As is exemplified throughout their new mini-album No Faith, but particularly in the opening track, the blisteringly heavy ‘Stay Free’, Hornets have truly succeeded in surpassing the lazy “post-hardcore” label they have been slapped with for so long, and with this release are firmly cementing their stake in doom-influenced, hard metal territory.

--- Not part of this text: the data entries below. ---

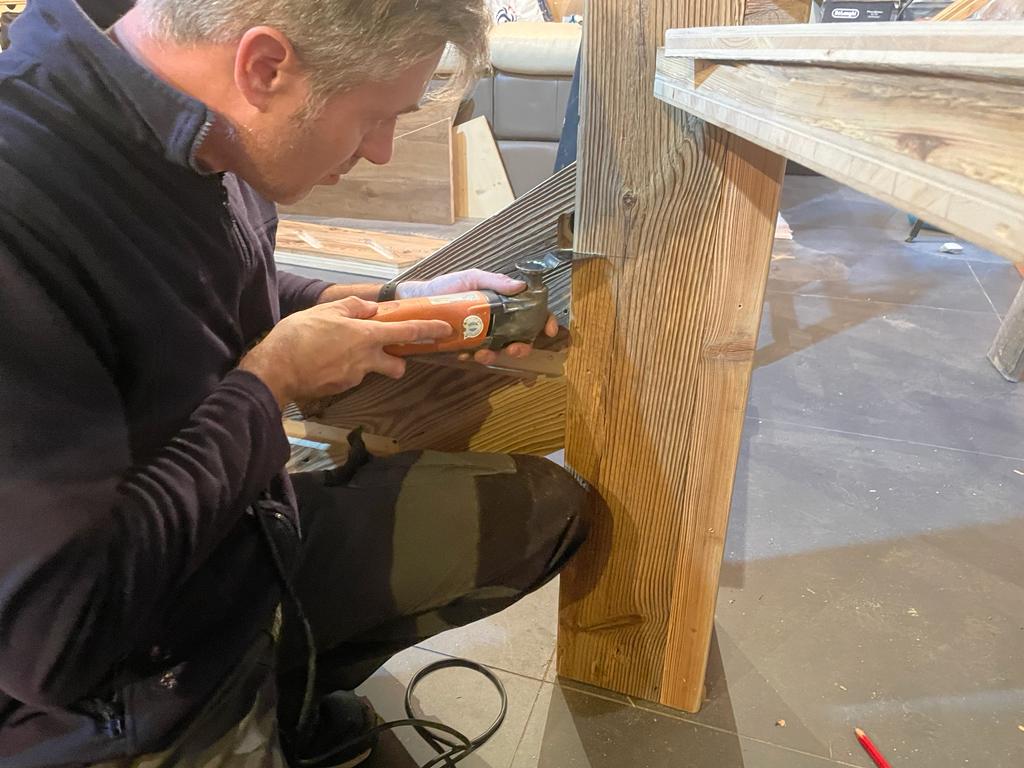 Artisan menuisier au travail dans l'atelier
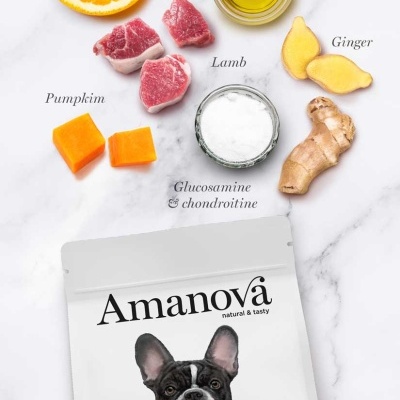 Ingredientes naturais e saco de ração Amanova para cães de paladar sensível sabor cordeiro.
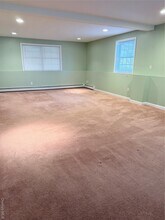 1043 Roosa Gap Rd in Pine Bush, NY - Building Photo - Building Photo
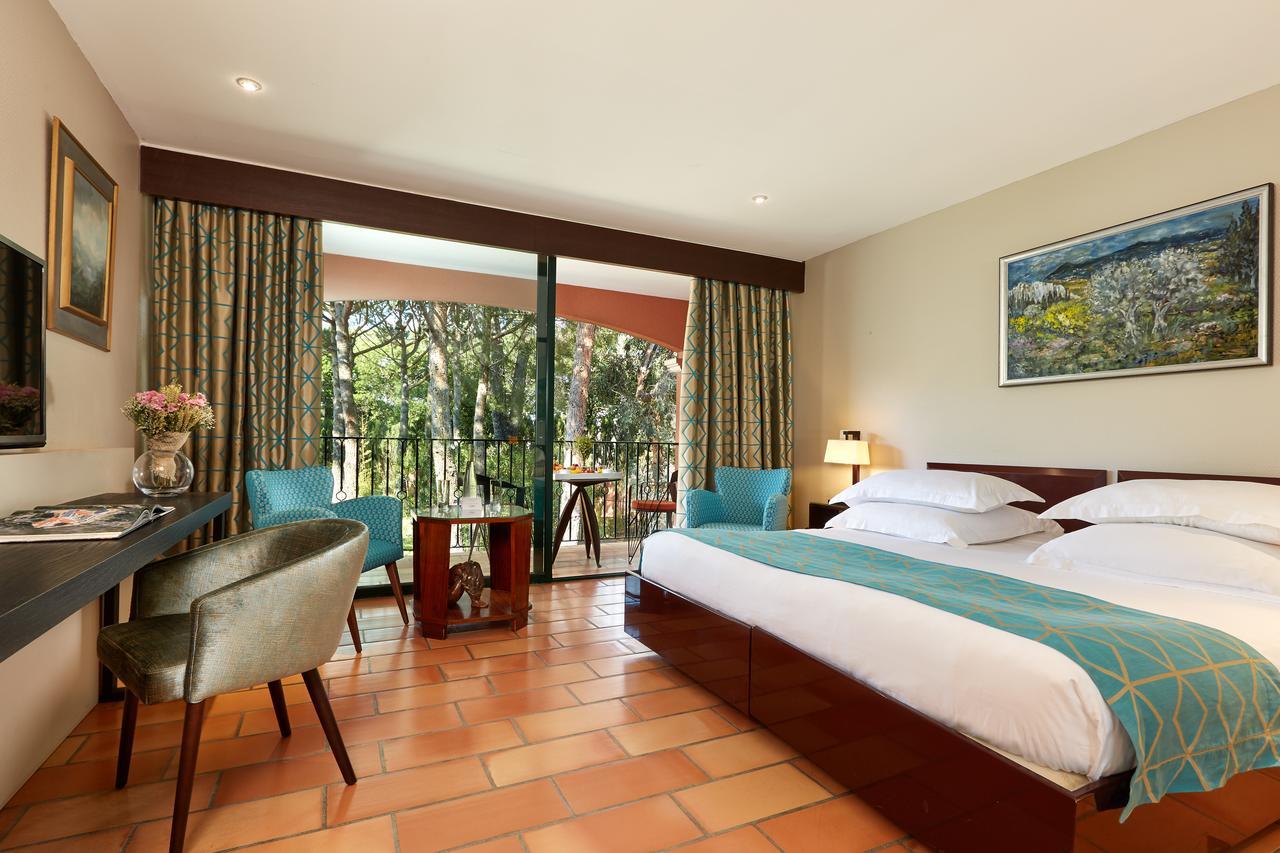 Deluxe Room,664630779:JPEG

Redolent of early Napalm Death, with James McAuley’s frenetic vocals, Andy Sheils’ and Craig McCloskey‘s calculated dual riffs capable of registering on the Richter scale, and Richard McAuley‘s powerhouse drumming, (with his double kick pedal getting more than its fair share of abuse). ‘Advice’ is a stoner-tinged auditory assault, with its successor, ‘Jehovah’ asking the listener scathingly “Now that the dust has settled/Dig deep inside your souls”, managing to provoke both more groove than its namesake, and minus the unwanted copy of Watchtower magazine.
The ominously bruising ‘For Always’ is darkly thunderous in tone, and with McCloskey‘s bass working overtime amongst all the other wonderfully chaotic, gloom-inspired musical elements, it is somehow reminiscent of Houdini-era Melvins, which is only ever a positive comparison to be able to draw. Closing the EP on a menacing note, ‘Behind Me’ is verging on anthemic, with its slower, sludge-driven pace that still manages to deliver high-octane heaviness without compromising- this bodes well for Hornets, proving that they are highly cogent of their musical capabilities and aren’t afraid to give the traditional boundaries within metal sub-genres a good, hard (and much-needed) shove.